◆ Required action:
The required output is the stretch from the line containing "Syed Ibrahim at" through the line containing "a black stove" in the records below, unaltered and with no pictures.

◆ Data shown:
—————

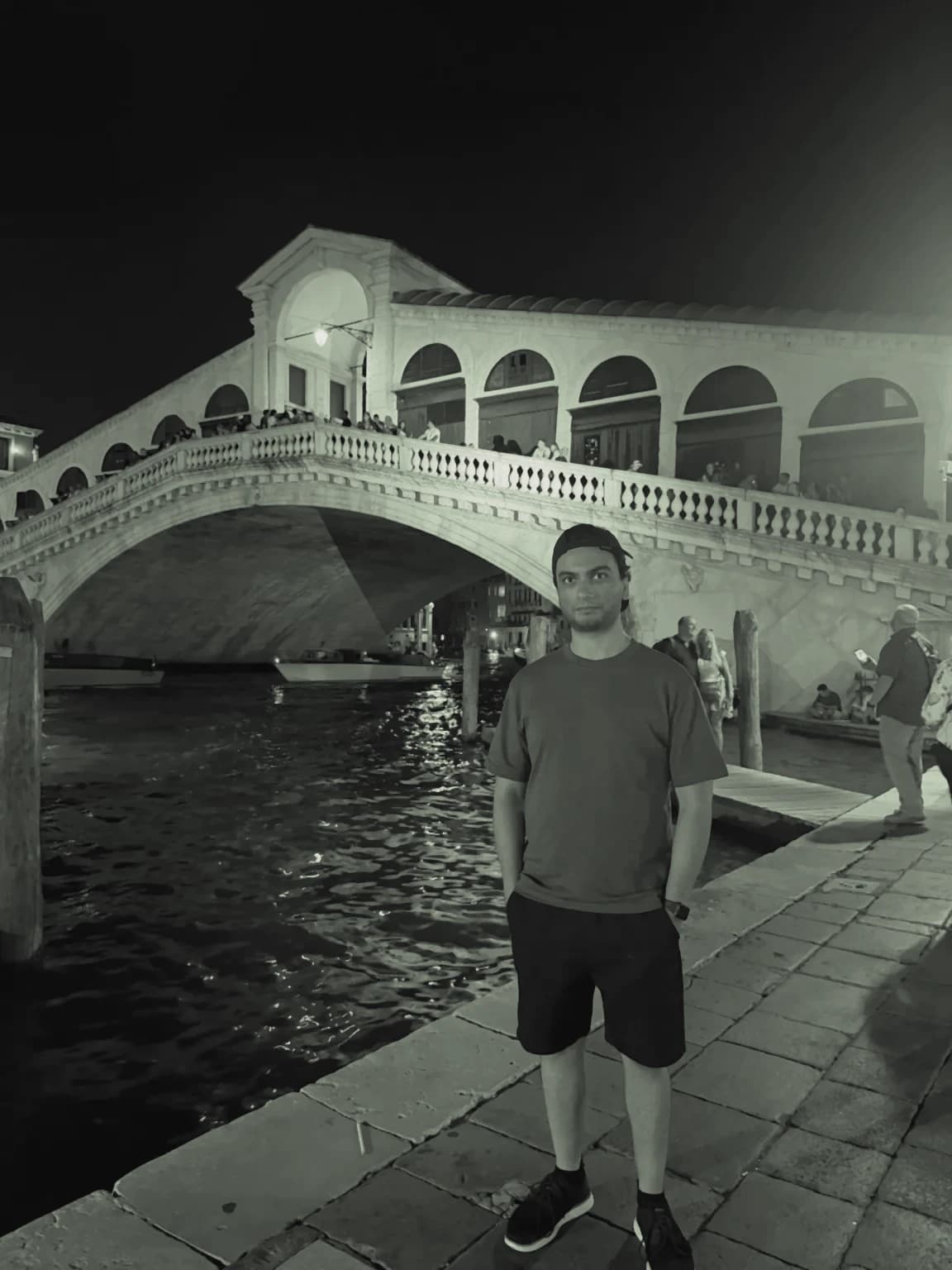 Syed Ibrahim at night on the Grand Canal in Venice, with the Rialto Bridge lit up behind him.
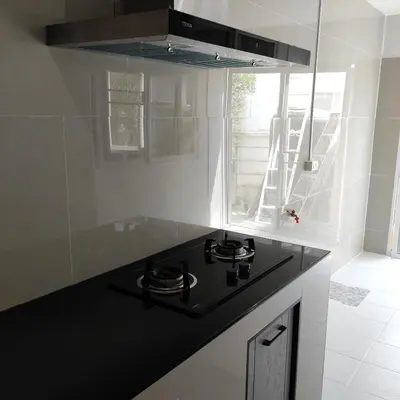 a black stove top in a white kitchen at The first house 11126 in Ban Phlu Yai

—————

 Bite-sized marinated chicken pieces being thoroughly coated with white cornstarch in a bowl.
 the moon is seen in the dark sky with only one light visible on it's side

—————

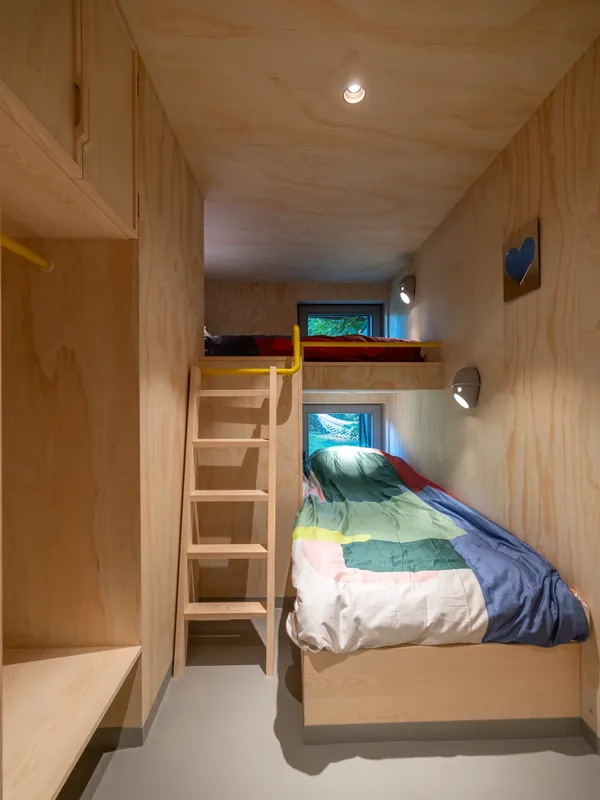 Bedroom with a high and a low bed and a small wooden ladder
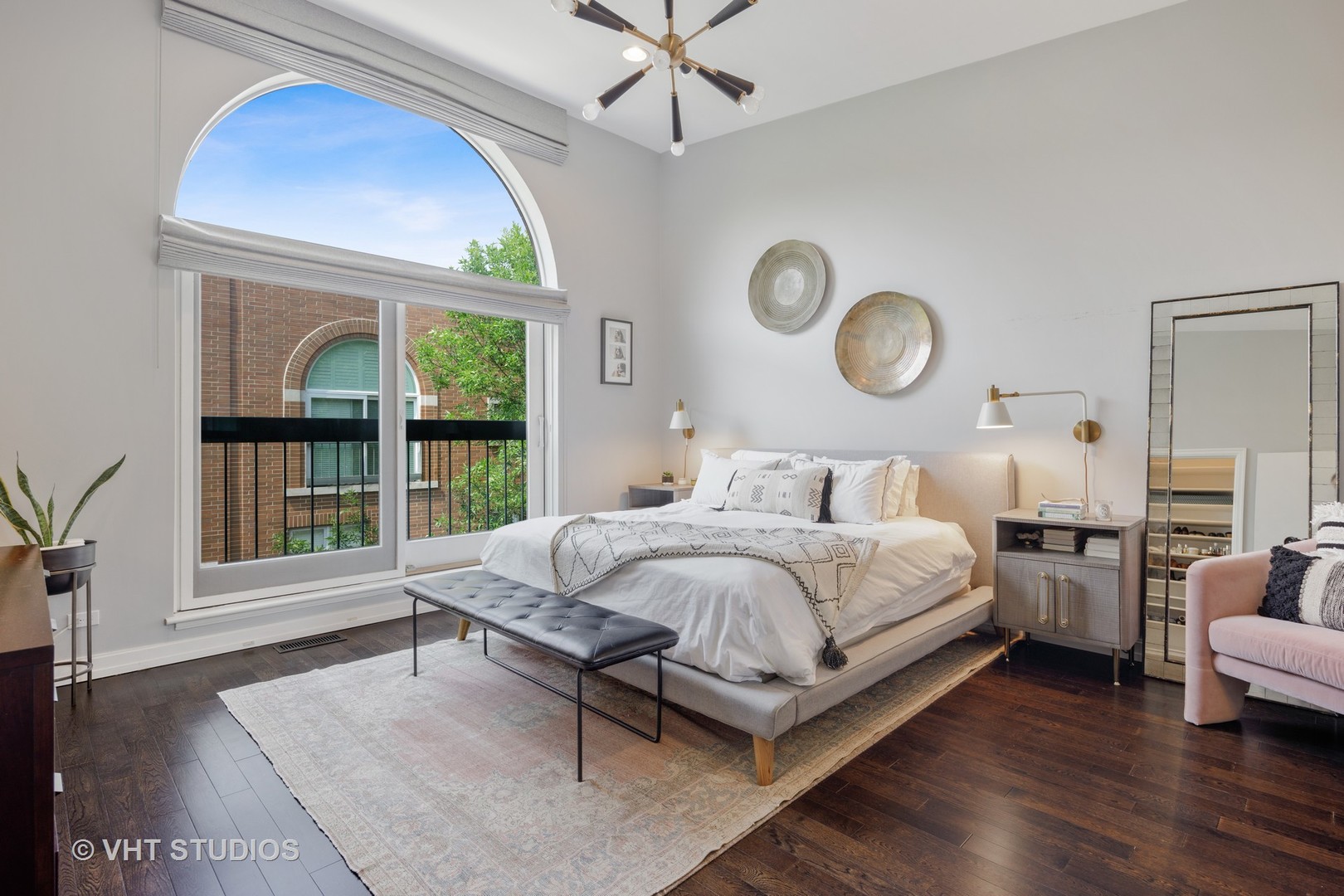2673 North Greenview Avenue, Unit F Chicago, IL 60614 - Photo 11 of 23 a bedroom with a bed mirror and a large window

—————

◆ Task output:
 Syed Ibrahim at night on the Grand Canal in Venice, with the Rialto Bridge lit up behind him.
 a black stove top in a white kitchen at The first house 11126 in Ban Phlu Yai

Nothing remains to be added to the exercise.